My plan is to expand the number of federal appeals courts from 12 to 15, and then add six Supreme Court justice so that there is one justice for every appeals court. This is logical. You can find commentary going back years calling for expanding the federal court system, because it's overburdened and slow, which certainly applies to the SCOTUS also.
> then add six Supreme Court justice so that there is one justice for every appeals court
I think this is not close to enough new Supremes. There need to be enough so that the votes of the Illegitimate Six are buried and irrelevant, their opinions no more forceful that the barking of a dog. I say triple the size of the Court, and if you insist that's too many, then allow the size to decrease with attrition after that jump, so that it declines eventually to your ideal.
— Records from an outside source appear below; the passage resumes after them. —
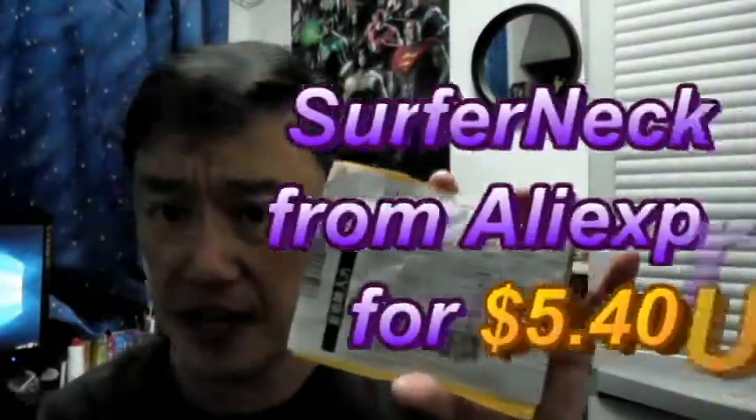Hi everyone, it's James, and today I have a small package from AliExpress. I forget what I ordered, but let's open it. I think it's a necklace.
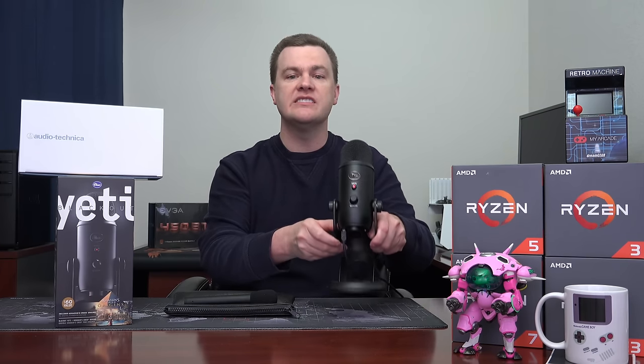The desk stand works very, very well. It's also fairly heavy — this is not a lightweight microphone and the stand has a good heft to it. You're not going to be accidentally knocking this over unless you really hit it, so it's a good quality stand.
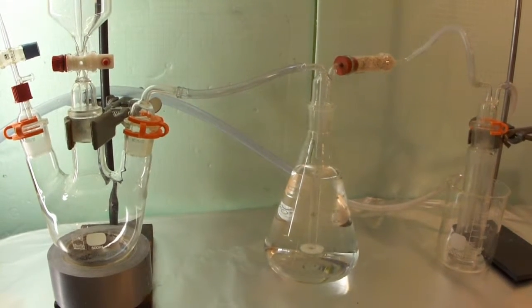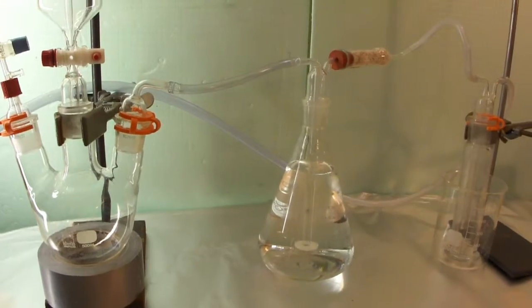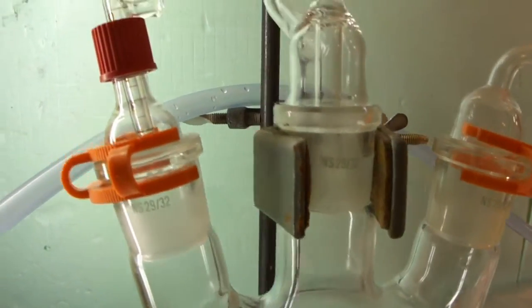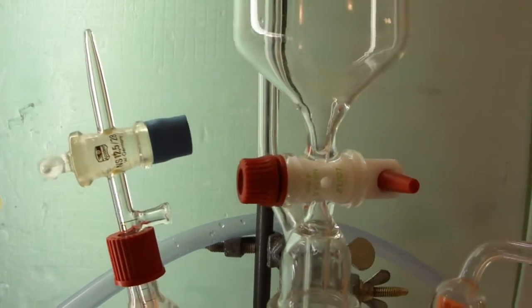Let's make a small tour around the apparatus as usual. On the left, there is our standard gas generator setup with a pressure-equalizing addition funnel and gas port. Watch our video on sulfur dioxide for more details.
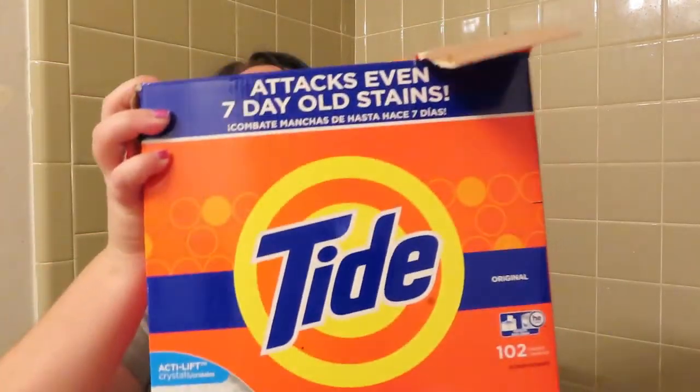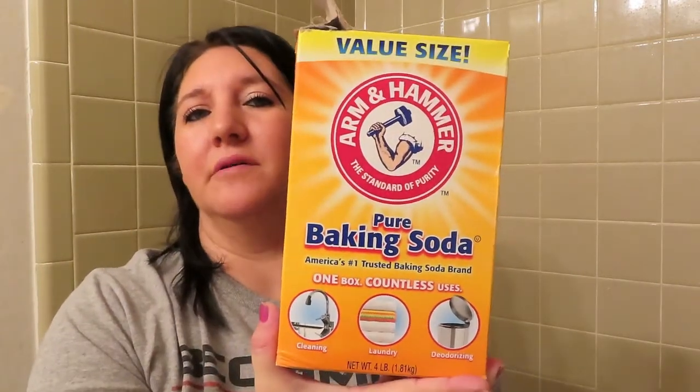I'm going to show you guys what I'm using to strip them. I'm using powder Tide — I'll be using a cup of this — a cup of borax, and a cup of laundry baking soda, or whatever is left because I don't think it's quite a cup. I'm going to run hot, scalding hot water in the tub and let it sit for a few hours, coming in to stir it up every 30 minutes to an hour. I'll probably have to do this twice because they're going to be super gross.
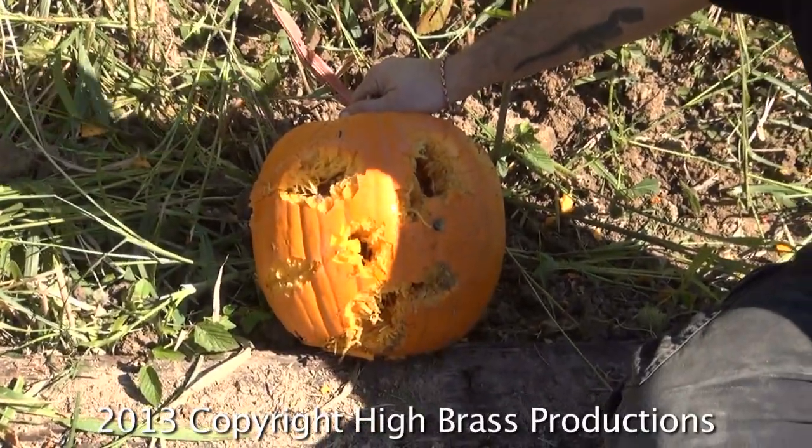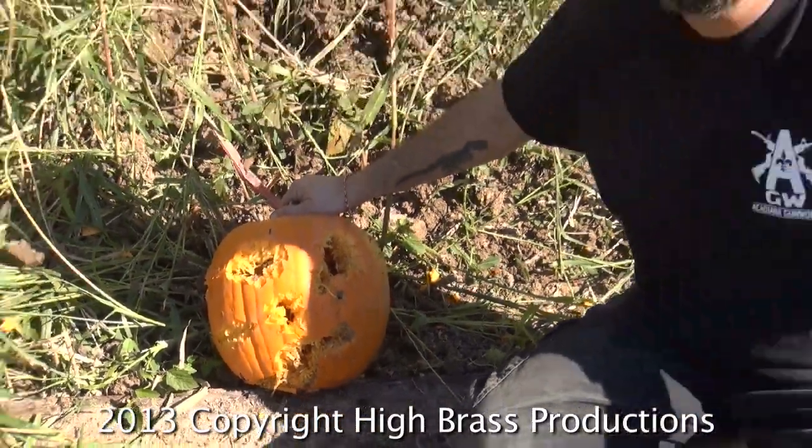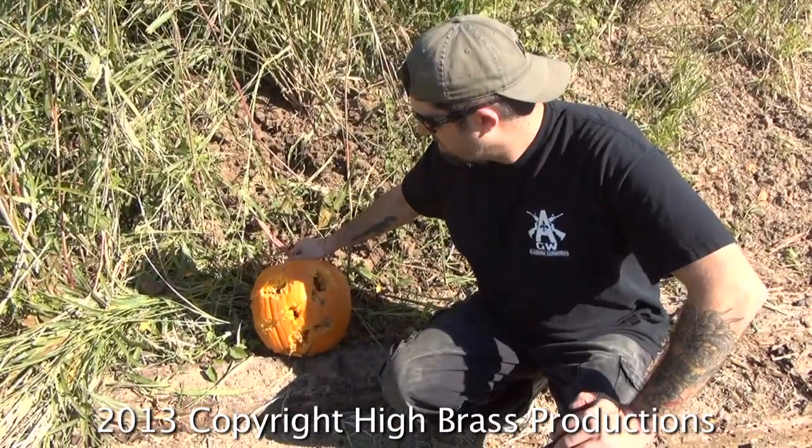So next year, I'm not going to bother with doing it the old fashioned way. I'm just going to come carve the damn thing with my MG34. Kind of cool, ain't it?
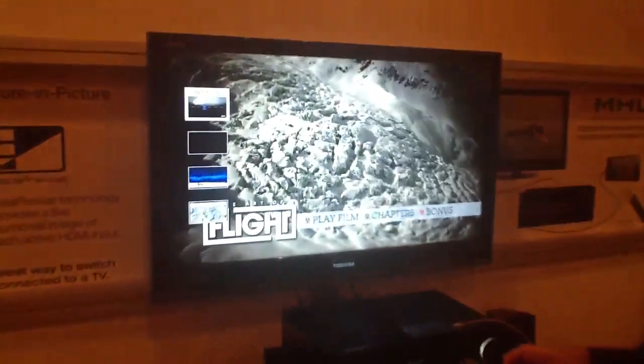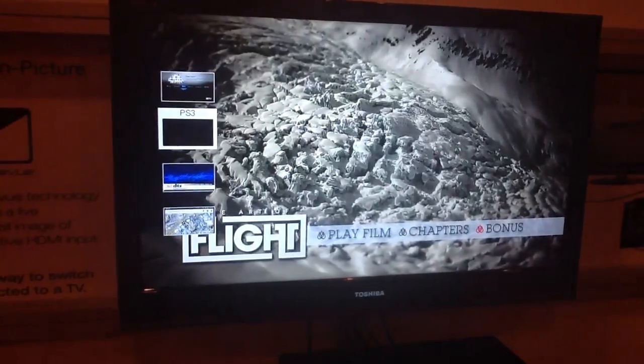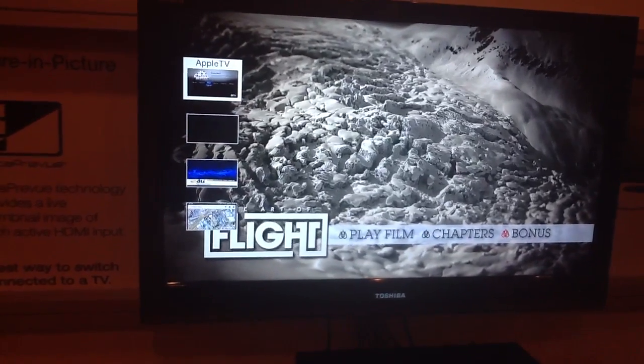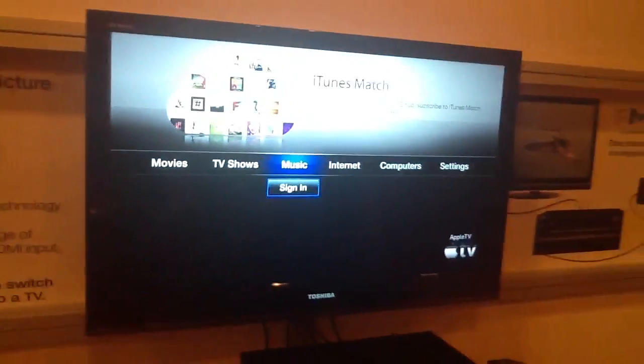Once you decide what you want, it will tell you as you highlight it which one it is. So if I want to switch over to Apple TV, click on it, and away I go. That is Instapreview.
> … the bigger issue, which is that Republicans don’t ever seem to understand how anything works
Amen.
O'Care was already the absolute minimum solution that could deliver improvements on the previous status quo. It was the most conservative possible move to make an intolerable situation tolerable, but because Cleek's Law is a real thing and not a joke, it became anathema to the conservatives its architecture was supposed to appease. Because there's no longer any appeasability remaining on the Right.
I would say the root of the problem is that as a group, Republicans don't know how to know things, as opposed to merely having views and opinions and beliefs. So of course they can't understand how anything works. And they can't formulate workable policies in any area.